Supreme Court, Appellate Division, Third Department, New York.
Mar 8, 2018
159 A.D.3d 1180 (N.Y. App. Div. 2018)

Opinion

525230

03-08-2018

In the MATTER OF the ESTATE OF Mario ATTANASIO, Deceased. Thomas Palma, Appellant; v. Dean M. Attanasio, as Executor of the Estate of Mario Attanasio, Deceased, Respondent.

Parisi, Coan & Saccocio, PLLC, Schenectady (Gerard F. Parisi of counsel), for appellant. Englert, Coffey, McHugh & Fantauzzi, LLP, Schenectady (Peter V. Coffey of counsel), for respondent.


Parisi, Coan & Saccocio, PLLC, Schenectady (Gerard F. Parisi of counsel), for appellant.

Englert, Coffey, McHugh & Fantauzzi, LLP, Schenectady (Peter V. Coffey of counsel), for respondent.

Before: McCarthy, J.P., Lynch, Devine, Clark and Rumsey, JJ.

MEMORANDUM AND ORDER

Lynch, J.Appeal from an order of the Surrogate's Court of Schenectady County (Versaci, S.), entered August 2, 2016, which, in a proceeding pursuant to SCPA 2105, among other things, granted respondent's cross motion for summary judgment dismissing the petition.

On October 13, 2009, Mario Attanasio (hereinafter decedent) and petitioner entered into an agreement concerning the management of eight rental properties owned by decedent. Essentially, the agreement provided that, upon decedent's death, petitioner would manage the properties for a period of 25 years and retain "all the net proceeds." Thereafter, in November 2011, decedent executed a document purporting to revoke and terminate the October 2009 agreement. In February 2012, decedent executed a will bequeathing the properties as part of his residuary estate to respondent, who was also named as the executor of decedent's estate. Petitioner commenced this proceeding pursuant to SCPA 2105, seeking to compel delivery of the properties to him in accord with the agreement. Respondent filed objections, and, following discovery, both parties moved for summary judgment. Surrogate's Court denied petitioner's motion and granted respondent's cross motion dismissing the petition. Petitioner now appeals.

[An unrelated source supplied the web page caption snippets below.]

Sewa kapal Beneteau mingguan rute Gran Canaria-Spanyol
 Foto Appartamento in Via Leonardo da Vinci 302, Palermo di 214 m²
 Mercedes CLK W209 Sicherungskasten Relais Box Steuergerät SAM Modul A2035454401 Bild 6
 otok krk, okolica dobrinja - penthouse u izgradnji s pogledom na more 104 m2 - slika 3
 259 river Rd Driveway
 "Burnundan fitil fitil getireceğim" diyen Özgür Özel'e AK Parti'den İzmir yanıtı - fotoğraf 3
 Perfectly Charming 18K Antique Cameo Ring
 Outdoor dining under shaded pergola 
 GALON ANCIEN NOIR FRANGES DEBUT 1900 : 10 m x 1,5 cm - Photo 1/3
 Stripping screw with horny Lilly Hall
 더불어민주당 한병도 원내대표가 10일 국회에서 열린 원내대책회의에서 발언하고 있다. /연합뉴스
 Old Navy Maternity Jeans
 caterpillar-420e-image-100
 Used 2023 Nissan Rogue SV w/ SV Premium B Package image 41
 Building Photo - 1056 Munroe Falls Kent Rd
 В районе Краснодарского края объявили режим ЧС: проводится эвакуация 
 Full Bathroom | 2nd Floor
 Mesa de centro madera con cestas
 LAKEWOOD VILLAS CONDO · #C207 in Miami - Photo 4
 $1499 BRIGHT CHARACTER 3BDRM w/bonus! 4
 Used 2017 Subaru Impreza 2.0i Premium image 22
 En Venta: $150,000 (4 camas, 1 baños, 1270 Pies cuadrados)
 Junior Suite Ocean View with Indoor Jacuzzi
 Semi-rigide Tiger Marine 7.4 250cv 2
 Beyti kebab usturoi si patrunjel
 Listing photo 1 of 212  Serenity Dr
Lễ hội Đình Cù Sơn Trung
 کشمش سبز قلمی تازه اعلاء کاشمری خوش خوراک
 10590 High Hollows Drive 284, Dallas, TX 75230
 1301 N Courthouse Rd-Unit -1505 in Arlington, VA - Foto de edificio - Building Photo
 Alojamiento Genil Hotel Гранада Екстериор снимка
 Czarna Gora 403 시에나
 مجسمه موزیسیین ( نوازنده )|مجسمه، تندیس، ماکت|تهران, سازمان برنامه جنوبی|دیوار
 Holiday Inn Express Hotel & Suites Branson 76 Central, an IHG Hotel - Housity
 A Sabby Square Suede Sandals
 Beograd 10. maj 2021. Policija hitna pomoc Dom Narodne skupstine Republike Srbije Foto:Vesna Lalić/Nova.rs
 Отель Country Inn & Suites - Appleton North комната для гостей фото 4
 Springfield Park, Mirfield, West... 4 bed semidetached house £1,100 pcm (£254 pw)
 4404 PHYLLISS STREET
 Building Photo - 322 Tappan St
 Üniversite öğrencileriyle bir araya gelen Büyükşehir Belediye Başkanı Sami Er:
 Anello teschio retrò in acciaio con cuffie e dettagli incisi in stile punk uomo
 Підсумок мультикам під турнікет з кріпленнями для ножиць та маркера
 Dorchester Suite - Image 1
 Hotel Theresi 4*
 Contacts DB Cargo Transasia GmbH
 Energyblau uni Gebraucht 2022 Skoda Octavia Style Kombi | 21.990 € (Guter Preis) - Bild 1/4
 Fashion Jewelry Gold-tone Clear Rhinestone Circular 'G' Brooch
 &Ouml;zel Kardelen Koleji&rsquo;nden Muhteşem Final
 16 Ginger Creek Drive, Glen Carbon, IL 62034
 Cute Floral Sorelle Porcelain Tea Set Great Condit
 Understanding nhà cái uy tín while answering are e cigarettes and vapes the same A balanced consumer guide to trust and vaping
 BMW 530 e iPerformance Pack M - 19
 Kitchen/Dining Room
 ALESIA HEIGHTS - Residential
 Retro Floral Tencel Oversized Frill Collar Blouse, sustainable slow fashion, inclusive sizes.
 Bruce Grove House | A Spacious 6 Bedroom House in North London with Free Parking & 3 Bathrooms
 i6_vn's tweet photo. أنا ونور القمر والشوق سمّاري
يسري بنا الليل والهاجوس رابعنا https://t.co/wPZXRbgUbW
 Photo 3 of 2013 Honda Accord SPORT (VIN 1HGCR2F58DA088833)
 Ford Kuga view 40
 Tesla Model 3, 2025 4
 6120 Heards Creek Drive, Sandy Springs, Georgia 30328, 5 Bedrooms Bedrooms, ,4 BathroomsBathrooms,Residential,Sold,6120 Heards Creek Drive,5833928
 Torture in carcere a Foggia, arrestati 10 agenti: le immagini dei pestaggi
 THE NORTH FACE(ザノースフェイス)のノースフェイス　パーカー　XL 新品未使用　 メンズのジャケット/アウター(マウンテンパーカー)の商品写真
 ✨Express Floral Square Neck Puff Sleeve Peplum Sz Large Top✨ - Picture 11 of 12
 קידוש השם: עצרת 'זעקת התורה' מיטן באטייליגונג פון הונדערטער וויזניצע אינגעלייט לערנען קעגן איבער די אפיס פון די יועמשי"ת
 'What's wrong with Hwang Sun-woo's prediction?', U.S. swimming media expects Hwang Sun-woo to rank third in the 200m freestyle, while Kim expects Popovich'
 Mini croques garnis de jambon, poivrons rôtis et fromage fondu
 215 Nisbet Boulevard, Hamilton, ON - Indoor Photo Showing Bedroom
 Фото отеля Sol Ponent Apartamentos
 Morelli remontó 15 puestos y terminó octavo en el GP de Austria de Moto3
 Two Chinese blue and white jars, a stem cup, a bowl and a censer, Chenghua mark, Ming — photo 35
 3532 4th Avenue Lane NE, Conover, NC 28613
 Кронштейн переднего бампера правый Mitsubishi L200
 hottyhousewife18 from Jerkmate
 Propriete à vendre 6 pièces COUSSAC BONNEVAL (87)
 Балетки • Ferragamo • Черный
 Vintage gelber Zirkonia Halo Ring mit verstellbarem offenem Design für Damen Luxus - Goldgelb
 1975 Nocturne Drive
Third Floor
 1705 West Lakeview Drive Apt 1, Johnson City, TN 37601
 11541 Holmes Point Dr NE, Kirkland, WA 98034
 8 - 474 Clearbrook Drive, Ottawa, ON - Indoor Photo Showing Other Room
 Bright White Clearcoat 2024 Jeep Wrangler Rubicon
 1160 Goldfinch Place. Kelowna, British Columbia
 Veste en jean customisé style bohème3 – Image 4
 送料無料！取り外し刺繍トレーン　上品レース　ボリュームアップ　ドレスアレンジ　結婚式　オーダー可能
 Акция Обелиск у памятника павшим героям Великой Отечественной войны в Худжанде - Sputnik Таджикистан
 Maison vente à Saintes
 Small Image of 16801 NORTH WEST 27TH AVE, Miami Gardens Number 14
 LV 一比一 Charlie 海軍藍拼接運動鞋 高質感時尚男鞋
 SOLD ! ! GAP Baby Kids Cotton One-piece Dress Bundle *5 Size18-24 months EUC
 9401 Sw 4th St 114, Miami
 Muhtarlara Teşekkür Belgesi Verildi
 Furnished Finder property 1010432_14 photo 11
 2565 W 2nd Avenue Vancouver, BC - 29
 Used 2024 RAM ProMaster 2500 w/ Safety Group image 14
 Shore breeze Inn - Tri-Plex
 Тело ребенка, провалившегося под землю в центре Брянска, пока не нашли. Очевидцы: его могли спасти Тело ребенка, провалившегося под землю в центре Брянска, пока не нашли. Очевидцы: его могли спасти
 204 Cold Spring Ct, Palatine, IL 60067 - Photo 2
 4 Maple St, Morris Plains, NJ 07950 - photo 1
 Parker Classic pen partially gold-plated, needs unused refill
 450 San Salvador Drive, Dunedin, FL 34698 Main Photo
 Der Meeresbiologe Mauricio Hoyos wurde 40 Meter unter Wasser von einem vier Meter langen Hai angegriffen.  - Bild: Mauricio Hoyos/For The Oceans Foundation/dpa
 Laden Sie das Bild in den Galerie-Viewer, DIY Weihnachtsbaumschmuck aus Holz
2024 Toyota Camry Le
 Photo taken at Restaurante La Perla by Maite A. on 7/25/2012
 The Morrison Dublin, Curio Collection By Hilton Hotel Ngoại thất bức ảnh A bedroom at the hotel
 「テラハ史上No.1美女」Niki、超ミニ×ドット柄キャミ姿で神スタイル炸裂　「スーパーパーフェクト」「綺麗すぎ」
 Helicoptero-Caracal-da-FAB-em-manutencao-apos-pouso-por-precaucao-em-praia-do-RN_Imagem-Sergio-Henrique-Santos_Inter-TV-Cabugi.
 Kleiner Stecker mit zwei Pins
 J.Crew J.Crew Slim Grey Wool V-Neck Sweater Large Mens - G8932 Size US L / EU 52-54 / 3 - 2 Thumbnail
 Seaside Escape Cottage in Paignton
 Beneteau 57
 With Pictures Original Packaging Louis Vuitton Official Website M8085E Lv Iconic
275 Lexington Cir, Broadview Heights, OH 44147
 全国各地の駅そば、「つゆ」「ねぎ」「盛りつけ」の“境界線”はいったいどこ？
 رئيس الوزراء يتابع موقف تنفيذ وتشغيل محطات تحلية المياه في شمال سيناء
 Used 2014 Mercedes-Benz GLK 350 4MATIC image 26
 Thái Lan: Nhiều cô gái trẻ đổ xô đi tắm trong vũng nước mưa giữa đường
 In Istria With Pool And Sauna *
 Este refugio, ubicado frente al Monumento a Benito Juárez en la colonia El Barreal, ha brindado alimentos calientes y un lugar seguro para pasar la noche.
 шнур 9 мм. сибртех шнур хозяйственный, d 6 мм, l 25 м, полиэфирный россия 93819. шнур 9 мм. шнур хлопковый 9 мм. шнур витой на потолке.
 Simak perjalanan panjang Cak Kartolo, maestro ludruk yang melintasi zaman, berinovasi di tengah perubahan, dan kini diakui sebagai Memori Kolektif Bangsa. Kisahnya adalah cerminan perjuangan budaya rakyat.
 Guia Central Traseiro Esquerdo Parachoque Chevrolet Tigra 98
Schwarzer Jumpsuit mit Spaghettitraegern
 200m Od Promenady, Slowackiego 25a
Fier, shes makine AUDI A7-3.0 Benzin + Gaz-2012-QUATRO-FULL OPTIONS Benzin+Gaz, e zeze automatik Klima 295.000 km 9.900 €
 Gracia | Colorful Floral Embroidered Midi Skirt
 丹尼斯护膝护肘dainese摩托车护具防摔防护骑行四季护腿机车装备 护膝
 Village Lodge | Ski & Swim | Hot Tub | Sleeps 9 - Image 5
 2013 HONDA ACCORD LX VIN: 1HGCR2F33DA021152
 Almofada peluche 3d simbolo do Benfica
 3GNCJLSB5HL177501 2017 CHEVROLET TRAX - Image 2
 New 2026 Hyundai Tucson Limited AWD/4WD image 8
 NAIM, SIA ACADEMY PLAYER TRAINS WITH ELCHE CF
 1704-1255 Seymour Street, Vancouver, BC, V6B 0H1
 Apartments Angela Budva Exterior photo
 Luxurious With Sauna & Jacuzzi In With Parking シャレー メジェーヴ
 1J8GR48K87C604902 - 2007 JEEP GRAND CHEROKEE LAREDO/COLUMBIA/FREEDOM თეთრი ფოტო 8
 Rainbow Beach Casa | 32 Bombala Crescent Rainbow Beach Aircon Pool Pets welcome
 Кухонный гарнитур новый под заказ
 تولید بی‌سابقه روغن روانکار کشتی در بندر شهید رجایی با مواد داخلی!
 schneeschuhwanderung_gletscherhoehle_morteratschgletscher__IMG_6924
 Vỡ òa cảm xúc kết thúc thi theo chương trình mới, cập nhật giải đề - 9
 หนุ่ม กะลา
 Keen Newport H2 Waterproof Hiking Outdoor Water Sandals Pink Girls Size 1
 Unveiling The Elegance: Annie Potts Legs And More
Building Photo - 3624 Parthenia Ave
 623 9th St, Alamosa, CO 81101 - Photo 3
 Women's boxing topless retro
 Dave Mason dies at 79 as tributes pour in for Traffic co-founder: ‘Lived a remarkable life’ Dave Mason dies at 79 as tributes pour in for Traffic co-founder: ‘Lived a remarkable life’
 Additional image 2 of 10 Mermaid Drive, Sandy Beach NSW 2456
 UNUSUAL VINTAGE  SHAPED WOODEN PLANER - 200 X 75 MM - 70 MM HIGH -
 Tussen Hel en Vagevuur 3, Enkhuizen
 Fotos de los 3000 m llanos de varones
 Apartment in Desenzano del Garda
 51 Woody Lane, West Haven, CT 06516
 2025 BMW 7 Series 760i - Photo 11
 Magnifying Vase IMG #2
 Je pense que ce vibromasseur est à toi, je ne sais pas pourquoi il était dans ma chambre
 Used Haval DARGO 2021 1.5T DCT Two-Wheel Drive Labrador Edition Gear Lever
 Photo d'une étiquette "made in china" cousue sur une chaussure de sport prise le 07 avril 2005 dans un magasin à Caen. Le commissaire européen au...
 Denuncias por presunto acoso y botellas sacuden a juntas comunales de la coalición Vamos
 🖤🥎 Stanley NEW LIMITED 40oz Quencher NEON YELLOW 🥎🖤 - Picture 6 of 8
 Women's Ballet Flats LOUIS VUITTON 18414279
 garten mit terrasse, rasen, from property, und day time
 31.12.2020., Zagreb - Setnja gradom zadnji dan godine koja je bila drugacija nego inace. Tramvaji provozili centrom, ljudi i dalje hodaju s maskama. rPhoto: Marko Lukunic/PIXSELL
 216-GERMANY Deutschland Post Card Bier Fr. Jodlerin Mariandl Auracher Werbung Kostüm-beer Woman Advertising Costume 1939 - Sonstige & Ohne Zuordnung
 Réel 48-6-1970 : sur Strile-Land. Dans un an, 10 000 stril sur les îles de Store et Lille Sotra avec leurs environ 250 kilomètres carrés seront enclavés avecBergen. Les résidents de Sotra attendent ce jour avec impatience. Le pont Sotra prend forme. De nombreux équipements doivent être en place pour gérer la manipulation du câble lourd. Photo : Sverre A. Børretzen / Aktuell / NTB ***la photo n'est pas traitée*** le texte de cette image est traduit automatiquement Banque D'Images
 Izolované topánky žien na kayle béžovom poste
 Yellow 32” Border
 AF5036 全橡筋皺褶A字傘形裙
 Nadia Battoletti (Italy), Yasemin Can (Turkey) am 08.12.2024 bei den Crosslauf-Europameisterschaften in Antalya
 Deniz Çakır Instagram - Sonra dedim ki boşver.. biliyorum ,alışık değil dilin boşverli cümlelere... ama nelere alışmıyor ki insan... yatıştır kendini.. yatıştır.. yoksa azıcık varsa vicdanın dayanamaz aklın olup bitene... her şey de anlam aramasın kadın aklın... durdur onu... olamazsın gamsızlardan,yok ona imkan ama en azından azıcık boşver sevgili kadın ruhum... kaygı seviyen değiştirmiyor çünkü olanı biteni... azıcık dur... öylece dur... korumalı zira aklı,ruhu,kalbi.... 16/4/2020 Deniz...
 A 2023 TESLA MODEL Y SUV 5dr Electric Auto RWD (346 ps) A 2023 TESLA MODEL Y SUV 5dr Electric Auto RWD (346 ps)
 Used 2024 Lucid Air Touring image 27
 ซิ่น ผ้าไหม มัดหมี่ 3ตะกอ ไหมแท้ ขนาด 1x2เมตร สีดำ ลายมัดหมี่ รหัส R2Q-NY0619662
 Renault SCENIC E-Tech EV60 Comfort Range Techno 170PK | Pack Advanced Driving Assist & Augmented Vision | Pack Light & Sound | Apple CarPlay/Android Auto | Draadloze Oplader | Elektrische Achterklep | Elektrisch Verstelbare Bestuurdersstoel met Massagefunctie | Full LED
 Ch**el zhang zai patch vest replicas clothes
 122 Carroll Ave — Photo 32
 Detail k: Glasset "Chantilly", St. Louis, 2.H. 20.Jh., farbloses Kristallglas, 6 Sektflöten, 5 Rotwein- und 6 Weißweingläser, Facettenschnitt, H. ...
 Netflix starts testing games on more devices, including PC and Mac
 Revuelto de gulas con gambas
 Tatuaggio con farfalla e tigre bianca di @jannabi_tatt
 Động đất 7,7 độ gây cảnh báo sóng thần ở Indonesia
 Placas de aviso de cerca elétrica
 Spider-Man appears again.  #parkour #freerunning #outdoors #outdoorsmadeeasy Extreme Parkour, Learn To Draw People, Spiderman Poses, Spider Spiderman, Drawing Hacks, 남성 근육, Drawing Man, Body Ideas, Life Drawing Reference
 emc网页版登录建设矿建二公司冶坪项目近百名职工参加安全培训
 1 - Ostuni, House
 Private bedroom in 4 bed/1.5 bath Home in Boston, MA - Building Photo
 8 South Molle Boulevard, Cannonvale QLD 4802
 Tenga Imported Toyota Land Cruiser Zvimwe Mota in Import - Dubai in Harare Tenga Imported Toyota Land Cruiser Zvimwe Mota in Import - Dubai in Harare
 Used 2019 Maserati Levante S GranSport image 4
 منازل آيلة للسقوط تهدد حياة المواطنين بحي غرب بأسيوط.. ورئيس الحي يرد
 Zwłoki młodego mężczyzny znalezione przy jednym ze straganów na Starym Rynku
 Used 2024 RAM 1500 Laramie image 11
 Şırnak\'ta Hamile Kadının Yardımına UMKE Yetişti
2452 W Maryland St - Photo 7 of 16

We affirm. The parties do not dispute that the October 2009 agreement was a contract between petitioner and decedent, but disagree as to whether it was immediately binding or testamentary in nature. A "testamentary disposition" is defined as "[t]he act of transferring something to another's care or possession" that "take[s] effect upon the death of the person making it, who retains substantially entire control of the property until death" (Black's Law Dictionary [10th ed 2014], disposition). The agreement expressed that decedent was "desirous of preserving" the properties "after he passes away," and stated his "wishes" that petitioner receive as consideration for his services "all dividend checks that are received by [decedent]." The agreement further specified that petitioner's duties would begin "upon [decedent's] death." In the event that petitioner was unable to perform as required, the agreement provided that it would terminate "and the properties and this income" would revert to the heirs of decedent. In our view, these operative terms are testamentary in nature. Pursuant to EPTL 13–2.1(a)(2), "a contract to make a testamentary provision of any kind" must be "in writing and subscribed by the party to be charged." There is no dispute that these statutory conditions were met here. Such agreements "must further evince a clear and unambiguous manifestation of the testator's intention to renounce the future power of testamentary disposition" ( Aaron v. Aaron , 64 A.D.3d 1103, 1104, 882 N.Y.S.2d 776 [2009] [internal quotation marks and citation omitted], lv denied 13 N.Y.3d 714, 2010 WL 92439 [2010] ; see Matter of American Comm. for Weizmann Inst. of Science v. Dunn , 10 N.Y.3d 82, 92, 854 N.Y.S.2d 89, 883 N.E.2d 996 [2008] ). This requirement derives from the ambulatory nature of wills and a testator's "right to freely revoke a will until death," and applies with equal force to a contract that is testamentary in nature ( Matter of American Comm. for Weizmann Inst. of Science v. Dunn , 10 N.Y.3d at 92, 854 N.Y.S.2d 89, 883 N.E.2d 996 ). There is no language in this agreement evincing an intent to make the agreement irrevocable. That alone renders the agreement unenforceable, a result consistent with decedent's subsequent revocation document. Accordingly, we conclude that Surrogate's Court properly granted respondent's cross motion and dismissed the petition.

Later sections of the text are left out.